# Task requirements
Will you write out, word for word, every line from the one with "Boston Bruins Sign" to the final line of the data below, with the pictures left out?
*** Given data
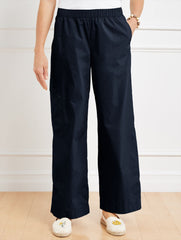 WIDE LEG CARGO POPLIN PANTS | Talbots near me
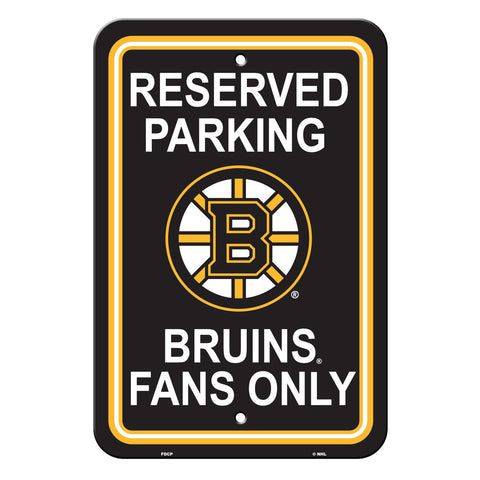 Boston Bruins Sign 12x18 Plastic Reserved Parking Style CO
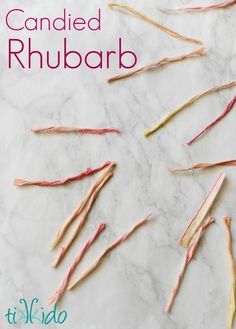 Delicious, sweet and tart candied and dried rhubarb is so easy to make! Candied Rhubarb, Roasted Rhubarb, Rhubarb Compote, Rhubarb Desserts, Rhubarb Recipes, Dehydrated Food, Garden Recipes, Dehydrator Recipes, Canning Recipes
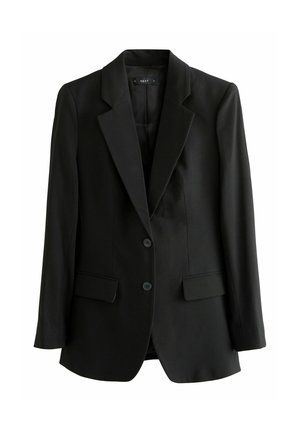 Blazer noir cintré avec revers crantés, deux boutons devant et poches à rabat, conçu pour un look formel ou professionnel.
******
# Your response
 Boston Bruins Sign 12x18 Plastic Reserved Parking Style CO
 Delicious, sweet and tart candied and dried rhubarb is so easy to make! Candied Rhubarb, Roasted Rhubarb, Rhubarb Compote, Rhubarb Desserts, Rhubarb Recipes, Dehydrated Food, Garden Recipes, Dehydrator Recipes, Canning Recipes
 Blazer noir cintré avec revers crantés, deux boutons devant et poches à rabat, conçu pour un look formel ou professionnel.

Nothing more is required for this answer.